Internautas ativíssimos, somos altamente
conectados em redes sociais. Temos 76 milhões de usuários do Facebook e
estamos em terceiro lugar nesse ranking, atrás apenas dos Estados
Unidos e Índia. Esta, diga-se, só nos ultrapassou há pouco tempo, tendo
uma população seis vezes maior do que a nossa.
Querem ainda mais conectividade e avanço brasileiro nessa matéria? – pergunto aos atentos estudantes.
Considerem a automação bancária. A
informatização do comércio, da indústria, dos serviços.

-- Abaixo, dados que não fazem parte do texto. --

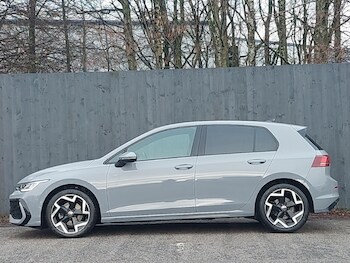 Used Volkswagen Golf 2024 for sale - 77229104: Photo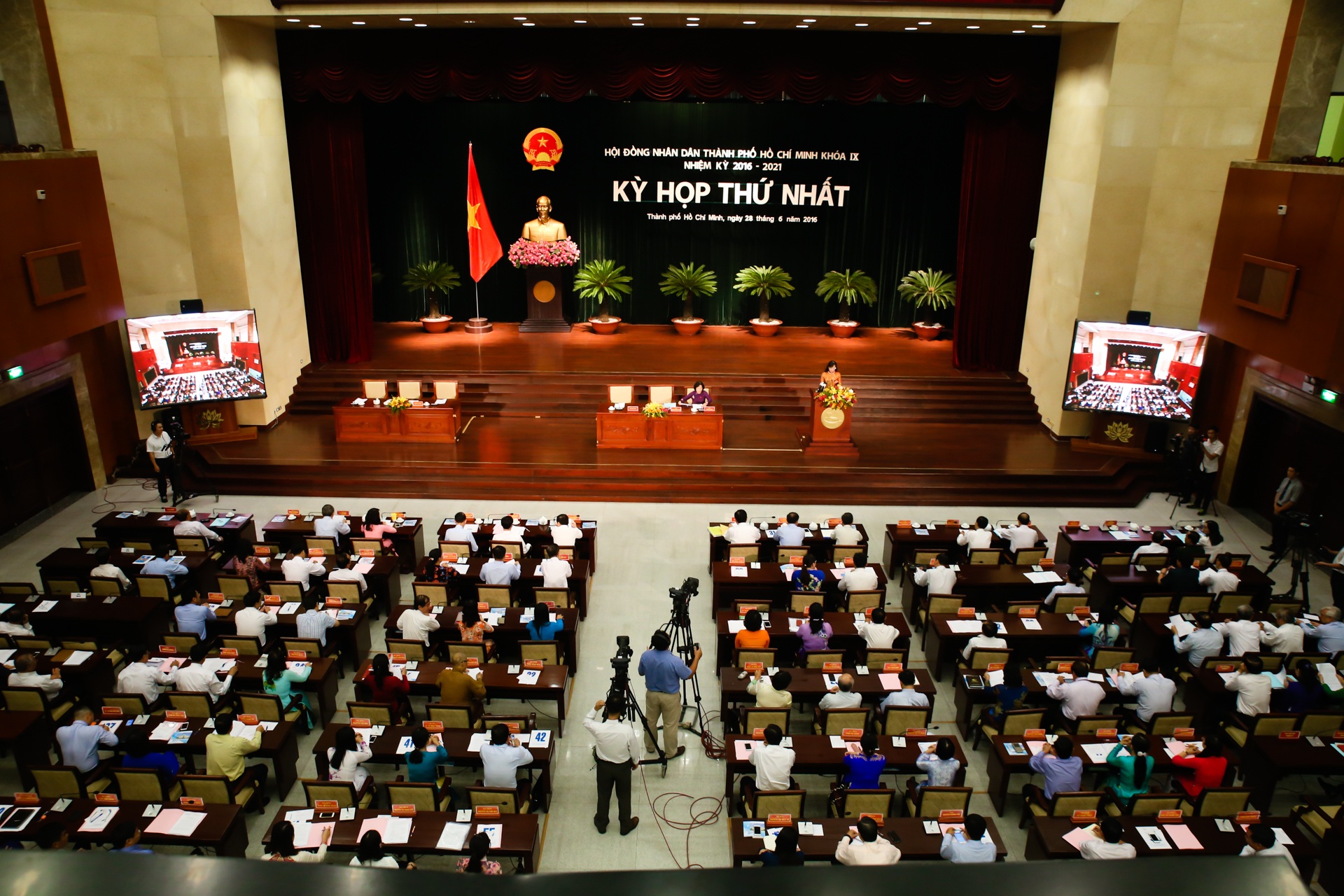 Khai mạc kỳ họp thứ nhất HĐND TPHCM khóa IX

O mundo do
trabalho, que não existe mais sem computador e sistemas em rede.
Considerem o imposto de renda, que faz milhões de brasileiros
conectarem-se com a Receita Federal para transmitir a declaração anual
de rendimentos.
Enfim, é conexão à beça. Somos líderes
nisso, estamos no pelotão de frente. Mas convém considerar que conexão é
diferente de comunicação, que é diferente de compreensão. A tarefa da
cidadania, e dos profissionais de comunicação mais que dela, é fazer
como que essas coisas se assemelhem.
O desafio da conectividade é promover a
comunicação, para a melhor compreensão do mundo, do próximo, de si
mesmo, da vida. Essa missão, felizmente, é cada vez mais compartilhada,
por todos que estamos ligados em rede. É a maravilhosa democracia da ágora digital.
Todos somos antenas, todos somos transmissores, todos captamos,
produzimos e distribuímos informações, sejam megacorporações de mídia,
seja o adolescente que posta no WhatsApp a foto bacana que acabou de
tirar.
Resumindo – digo aos estudantes para
encerrar – todos nós vivemos conectados na Matrix. Quase não há mais
vida fora do plug. Mas isso pode ser tanto opressão quanto liberdade.
É opção nossa sermos organismos
inconscientes, plugados vegetativamente num sistema que desconhecemos e
nos domina. Ou sermos a turma do Neo: a consciência ativa, a inquietação
rebelde, os combatentes da autonomia mental.
Só depende do que escolhemos conectar.